Write a comment on this article !

Trip the light fantastic
Meg Hewings
 


Travelling Light plays at Cinema du Parc

Local doc travels the world with artists to understand the creative impulse

You might feel like quitting your desk job, donating all your worldly possessions and hoping on the next plane, train or automobile to Barcelona or Berlin or Brazil or Japan - or anywhere for that matter - after watching Travelling Light, a new local doc by Tamás Wormser. You might also decide that finger painting is really something you should try again.

Travelling Light walks the walk, an itinerant film that follows five protagonists, nomads and artists all, as they tour the world and attempt to live their lives and art to the fullest. Delving into these worlds with them, the film travels the globe trying to uncover what dislocation and movement, risk and change do for the mind, body and spirit.

Dynamic and in constant motion, Wormser's film, which plays from April 4-10 at Cinema du Parc, intimately explores with each artist their rich relationship between freedom and attachment, creativity and travel. These are the humans who notice how a light refracts and beauty reigns; are willing to suffer pain and discomfort; see their body as their home; and who revel in the present flow.

Of course, in some cases, the film makes surprising turns. Take Lundo (from La Chango Family), an articulate musician who describes his art as the struggle to reveal his true self to himself and the world. He and his partner and two young children travel with Chango Family on caravan-esque tours. Both wax poetic about the possibilities of a nomadic family life, despite the fact that by film's end
their lives and relationship have shifted dramatically. Change and risk are not the easy, comfortable paths, but they certainly do make for rich emotional worlds.

Wormser also takes us into the wintery woods where László Kuli, a loner painter, lives in a makeshift hut. Kuli has never exhibited his work - incredibly textured, and vibrant abstract paintings - but he's inexplicably drawn to the creative process. The film follows him home to his communist-era cinderblock town. Meanwhile Nathalie Daoust, a photographer who physically manipulates analogue photographs, travels the world solo, moving from the streets of New York to the back alleys of the City of God in Brazil for her project on hotels and prostitutes.

Not all the artists are professional. Some make jewelry, others installation art or paintings. They don't have easy lives either, but they somehow appear effortless in the frame, dedicated to the moment and attuned to that magical "something" that happens when our creative souls are allowed to stretch out and play.

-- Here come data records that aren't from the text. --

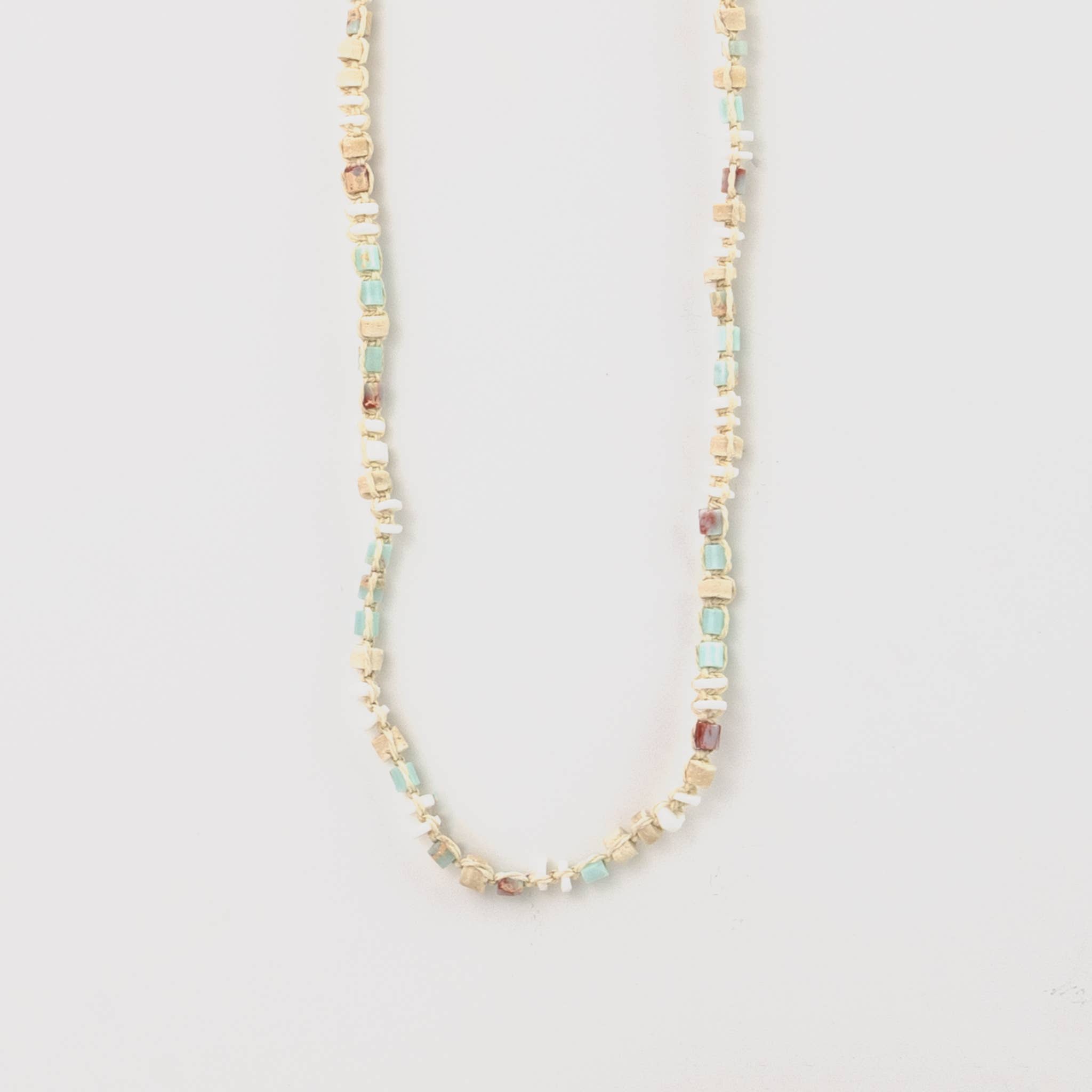 Pineapple Island - Wholesale Beaded/Pearl Necklace - Mount Rinjani Surfer Necklace9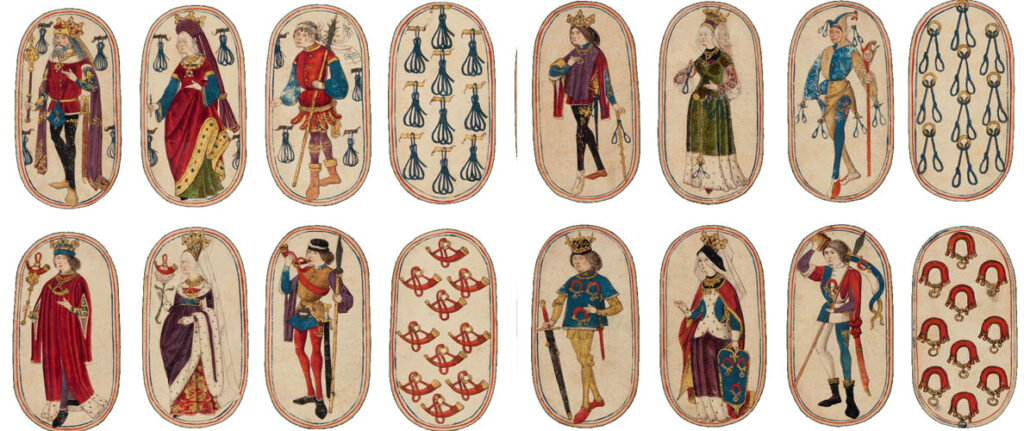 Die Cloisters-Serie von zweiundfünfzig Karten, Datum: ca. 1475-80.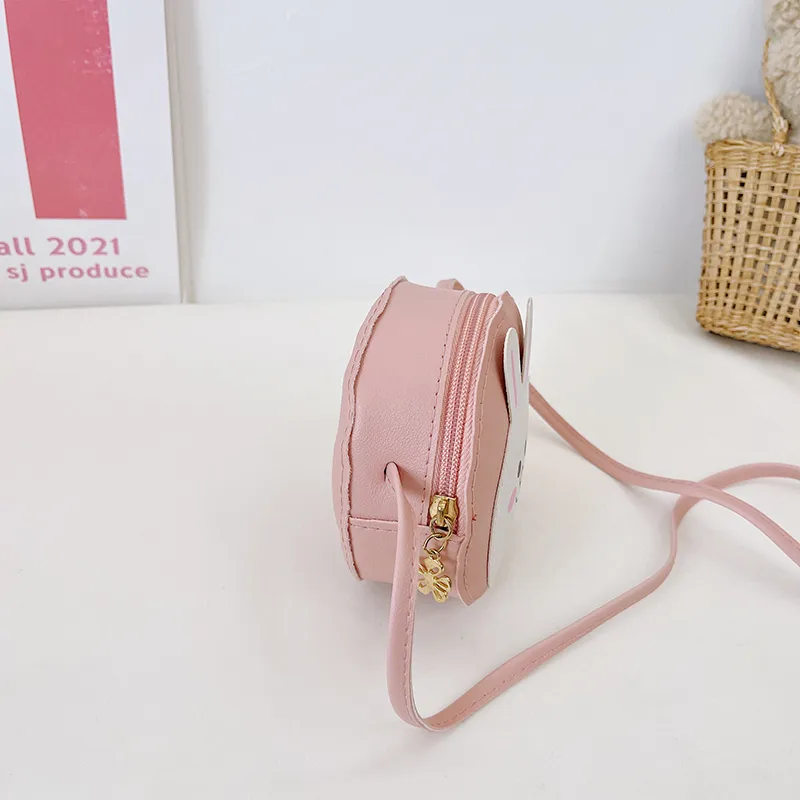 Kid'S Pu Leather Animal Cartoon Cute Round Zipper Shoulder Bag display picture 52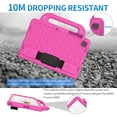 thumbnail image 4 of Feishell Case Compatible for Lenovo Tab M10 Plus (TB-X606F) 10.3" FHD Android Tablet, Kid Friendly with Pencil Holder Shoulder/Hand Strap Kickstand | Three Layer Convertible Handle,Rose, 4 of 9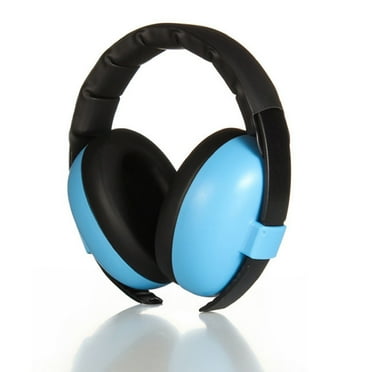 Noise Cancelling Earmuffs Kids Ear Protection Sound Proof Headphone for Sleeping Blue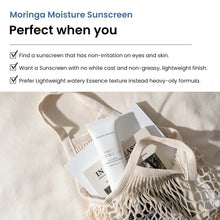 Load image into Gallery viewer, Heimish Moringa Ceramide Hyaluronic Hydrating Watery Sunscreen 50ml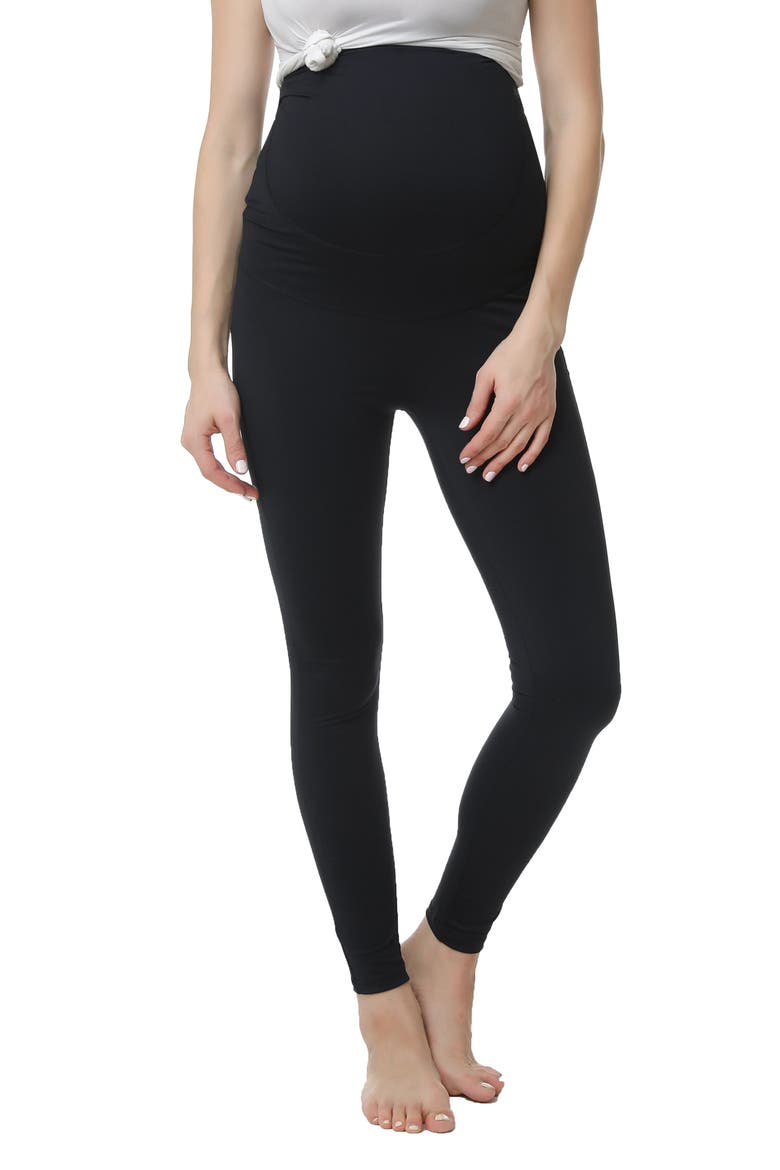 Max Belly Support Maternity Leggings, Main, color, BLACK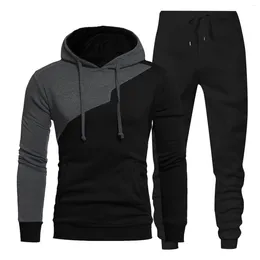 Men's Tracksuits Mens Tracksuit 2 Piece Hoodies Sweatshirts Sweatpants Set Autumn Winter Sport Hoodie Sportswear Jogger Fitness Gym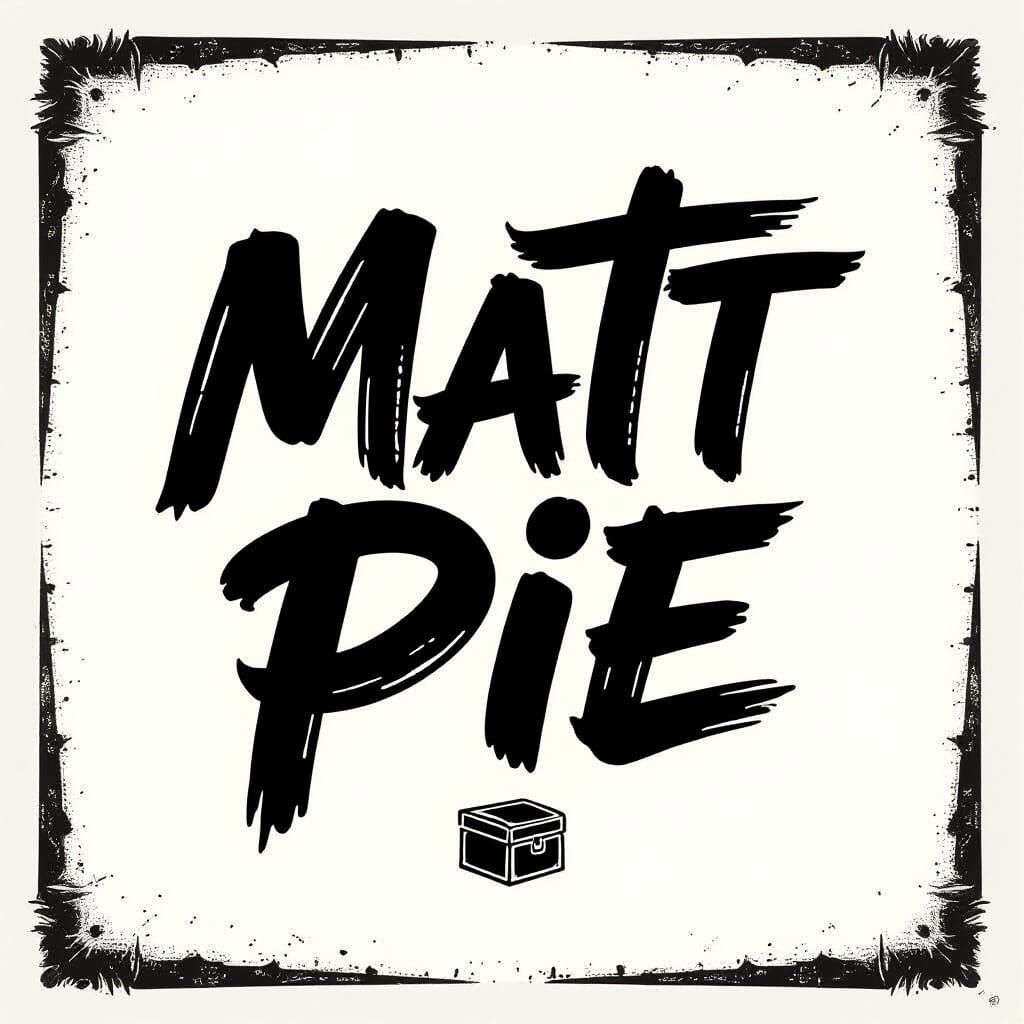 MATT PIE Bold Brush Typography Street Art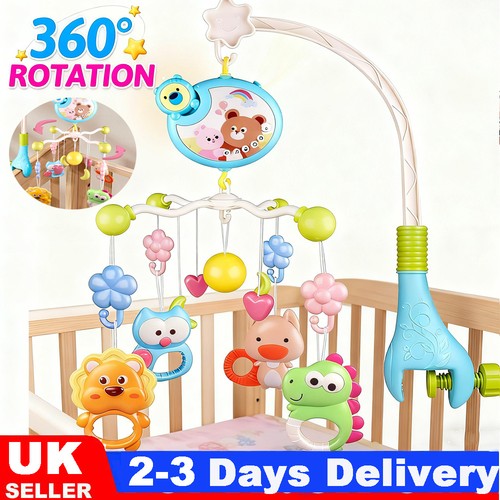 Baby musical crib bed bell - crib,
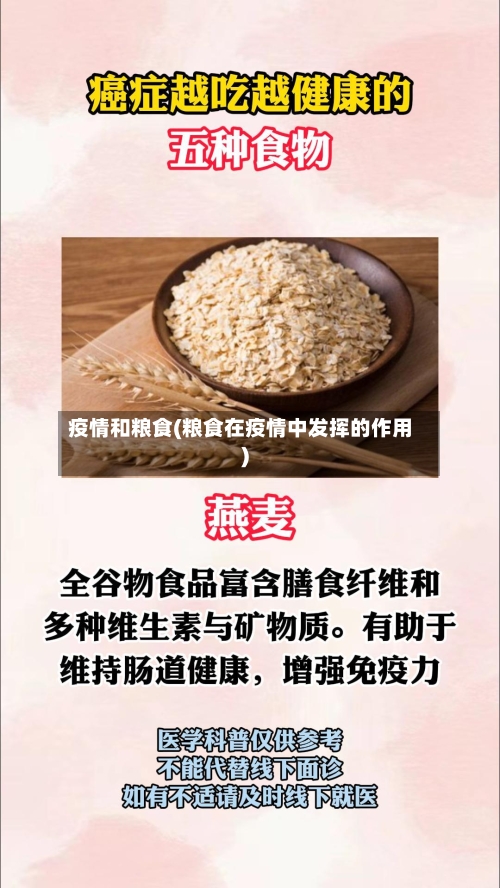 疫情和粮食(粮食在疫情中发挥的作用)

Using the art of his subjects to speak its own truth, Wormser's film is a collaborative sketchbook of sorts. And although we hear and see little of the director himself, except for his occasional quiet questioning behind the camera, in a way his film is an intimate yet collaborative process all its own... a testament to our insatiable human desire to chase beauty around every corner.

Travelling Light
At Cinema du Parc, April 4-10 at 9:30 p.m.